Elu depuis 1999, ce membre du parti social démocrate, le Bloque Nacionalista Galego (BNG), a souhaité ré-insuffler de l’humain et de la vie dans la ville en la rendant accessible à tous, notamment aux plus fragiles : enfants, retraités et handicapés. Exit les feux, les voix de circulation et le stationnement dans la ville intramuros : ce dernier est gratuit à la périphérie, au maximum à une dizaine de minutes à pied de l’hypercentre. Place désormais à un espace épuré sans obstacles ni barrières, à un éclairage urbain optimisé, aux bancs, à des espaces végétalisés et à des aires de jeux. Ici, promeneurs, cyclistes, flâneurs, têtes blondes, skateurs et autres cheveux gris règnent en maître. Les automobilistes n’avaient qu’à bien se tenir.
Récompensée pour cette initiative de mobilité en 2013 par le réseau Intermodes qui organise chaque année à Bruxelles le Congrès européen dédié à l’intermodalité du transport de voyageurs, la ville de Pontevedra fait figure de pionnière dans l’Union européenne. Elle propose le premier réseau à mobilité douce à l’échelle d’une ville de 80 000 habitants et s’inscrit ainsi dans le cadre des engagements internationaux de l’Union européenne dans la réduction des émissions de gaz à effet de serre. Elle répond également aux critères d’une directive européenne qui fixe au 1er Janvier 2015, l’égalité des droits et des chances de chacun, en particulier à travers l’accessibilité des transports, de la voierie et des bâtiments.
« L’espace public doit être une continuation de notre propre maison, disait l’architecte catalan Ildefons Cerdà », rappelle Miguel Anxo. Car le rêve de ce maire pas comme les autres, c’était effectivement de réintroduire de l’harmonie dans sa ville, d’offrir un espace urbain où les enfants seraient libres de jouer où bon leur semble et où les poussettes et autres parapluies pourraient se croiser dans la rue sans se gêner.

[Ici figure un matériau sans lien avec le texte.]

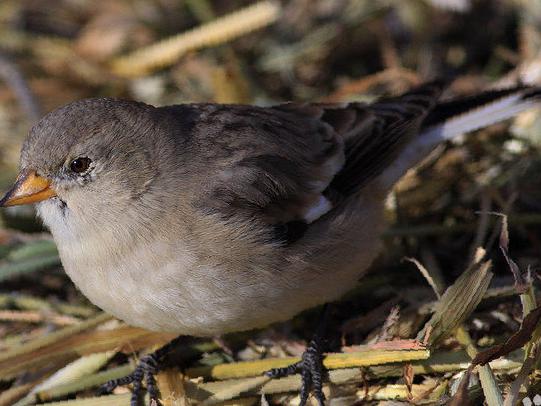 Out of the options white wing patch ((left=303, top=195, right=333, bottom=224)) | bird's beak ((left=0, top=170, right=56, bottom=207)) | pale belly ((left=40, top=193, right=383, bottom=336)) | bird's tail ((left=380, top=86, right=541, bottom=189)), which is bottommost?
pale belly ((left=40, top=193, right=383, bottom=336))

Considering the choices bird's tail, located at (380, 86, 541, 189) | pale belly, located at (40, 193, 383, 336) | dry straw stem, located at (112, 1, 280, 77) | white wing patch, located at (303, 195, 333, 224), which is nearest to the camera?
pale belly, located at (40, 193, 383, 336)

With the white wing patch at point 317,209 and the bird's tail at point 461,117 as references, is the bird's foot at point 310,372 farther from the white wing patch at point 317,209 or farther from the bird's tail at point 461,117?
the bird's tail at point 461,117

Dans le monde de Miguel, c’est désormais le piéton qui envahit l’espace de la voiture, autorisée toutefois à circuler dans l’hypercentre dans un espace très restreint et réglementé : la limitation de vitesse a été fixée à 20 et 30 km/h, et ce dans un espace limité. Pourtant, Pontevedra, avant de devenir ce qu’elle est aujourd’hui, revient de loin. Ses habitants racontent que le centre historique était mal famé. Quant aux trottoirs, ils étaient devenus des places de stationnement. Trafic, bruit, accidents, pollution, rythmaient le quotidien de cette ville qui n’avait ni vélos, ni d’accès aux personnes handicapées. Située entre Vigo et Saint Jacques de Compostelle, Pontevedra était fragmentée par de grands axes d’entrées et de sorties. Plus de 27 000 voitures transitaient chaque jour par la plaza de España.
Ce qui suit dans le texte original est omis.